The day before school began, some six of us girls were sitting on top of the hay pile. Jeanne stood on top, pointing to each person and asking, "If Sean asked you out, would you go with him?" The girls were mixed in ages and in physical development, Jeanne being the oldest at sixteen. Alison and I, at fourteen, were the youngest. Alison looked fourteen, but I, my body still reeling from the effects of all the chemotherapy, looked about ten. Puberty was still a year away. Jeanne seemed to be asking everyone systematically, but she wasn't actually thinking of asking me, was she? Sean would never ask me out; it was a completely ridiculous question, and the thought that we all might have to acknowledge this fact together seemed worse than anything else in the world.
Finally, Jeanne turned to
me and, only because she didn't know how to politely leave me out, asked the question. I hesitated, not sure how to respond, but then Chris came to my aid and answered for me. "Why would Sean want to go out with her?" "Well, I'm just asking," Jeanne replied.
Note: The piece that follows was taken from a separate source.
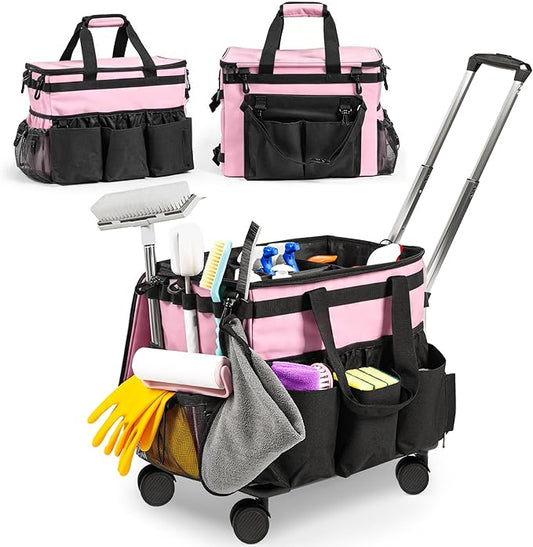 Large Rolling Cleaning Caddy Bag w/Detachable Trolley & Lid - Portable Cleaning Cart on Wheels w/Shoulder Strap & Waist Pouch - Cleaning Supplies & Tool Organizer for Home, Office, Car (Pink)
I shifted uncomfortably on the hay, glad Chris had spoken for me. This was the moment when I knew definitively that I would never have a boyfriend, that no one would ever be interested in me in that way. I suppose I had learned this already from the boys at school, but never had I actually formed the inner sentence, expressed it in real terms to myself.
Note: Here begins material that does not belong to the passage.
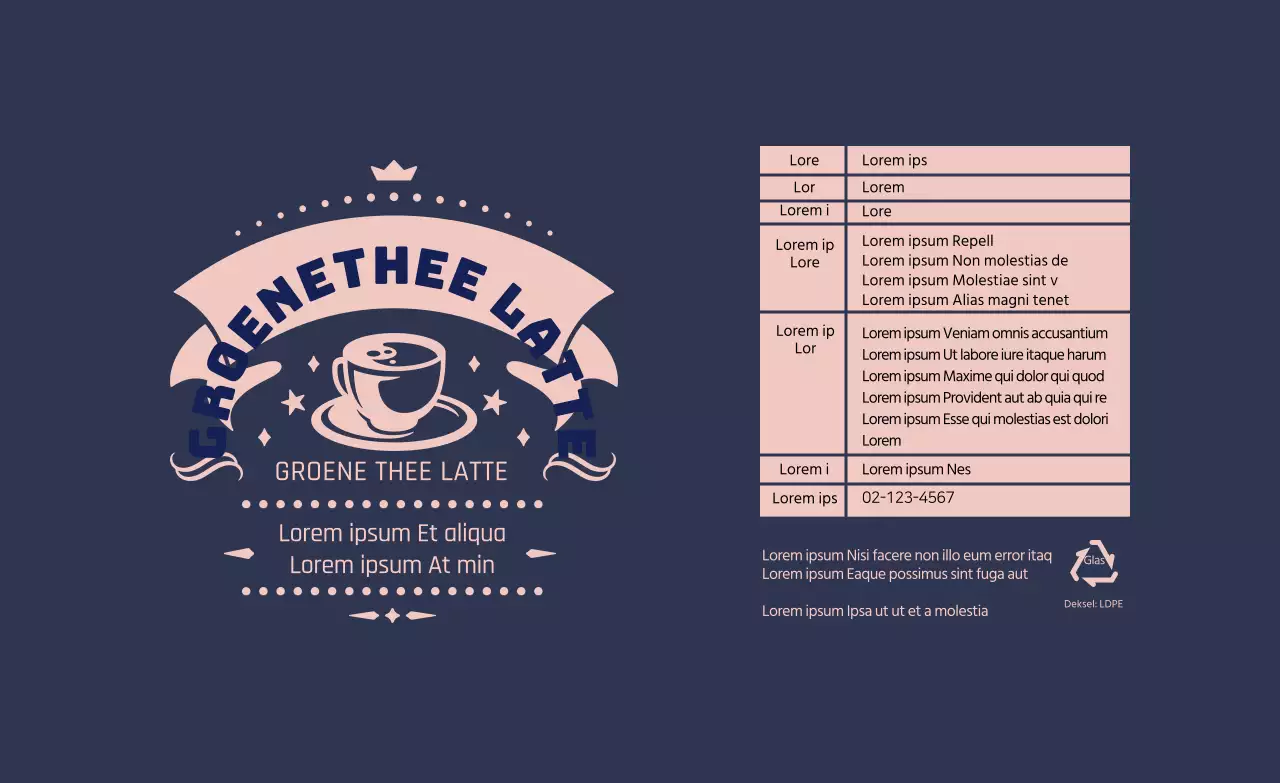 Roze marine geïllustreerd groene thee latte label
Because I was never going to have love (this realization, too painful to linger over, I embraced swiftly and finally), I cast myself in the role of Hero of Love. Instead of proving my worth on the chemotherapy table, I would become a hero through my understanding of the real beauty that existed in the world. I decided that it was my very ugliness that allowed me access to this other beauty. My face may have closed the door on love and beauty in their fleeting states, but didn't my face also open me up to perceptions I might otherwise be blind to? At the end of each day, as I lay in the bathtub, I looked at my undeveloped child's body. I considered the desire to have it develop into a woman's body a weakness, a straying from my chosen path of truth. And as I lay in bed at night, I considered my powers, my heightened sense of self-awareness, feeling not as if I had chosen this path, but that it had been chosen for me.
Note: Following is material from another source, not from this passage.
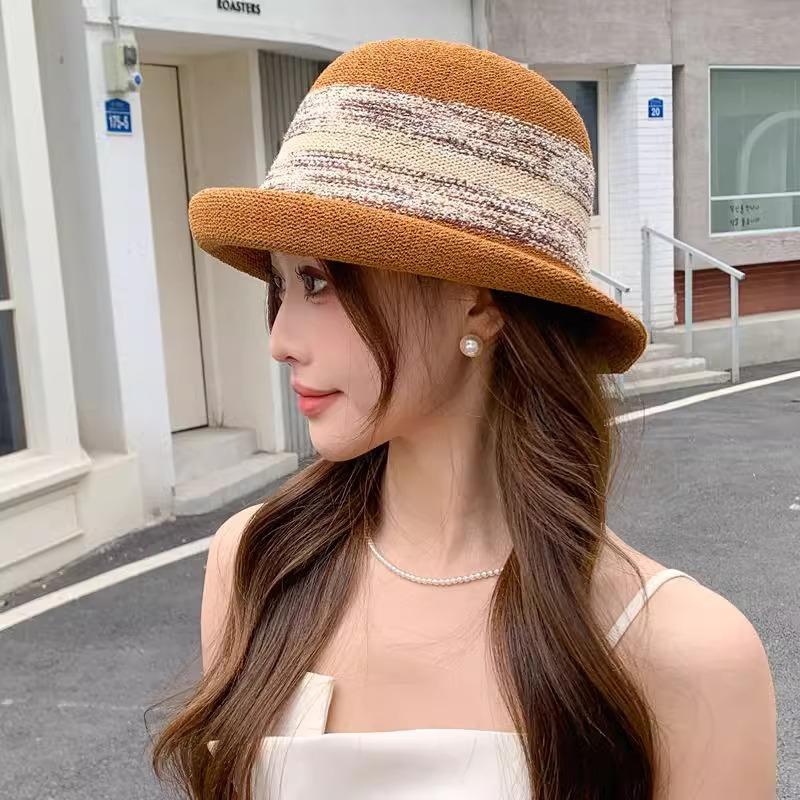 Curled Sun Hat Children's Summer Elegant Top Hat Outdoor Breathable Versatile Straw Hat Show Face Small Bucket Hat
Beauty had nothing to do with the ephemeral world of boys, of this I felt sure. This was driven home to me when junior high school started again and I watched my sister and her friends begin their own puberty. They put on blue eye shadow, blow-dried their hair, and spent interminable hours at the local mall. My own notions of what made a woman beautiful were more classically oriented: if I could look like anyone in the world it would be either Marlene Dietrich or Botticelli's Venus. I definitely did not aspire to look like Farrah Fawcett, of this much I was sure. I looked at girls in my class, with their perfect faces, and wondered why on earth they ruined them with so much makeup, such stupid hair. If I had a face like that, I told myself—then harshly reprimanded myself for any stirrings of desire. My face was my face, and it was stupid to wish it any other way.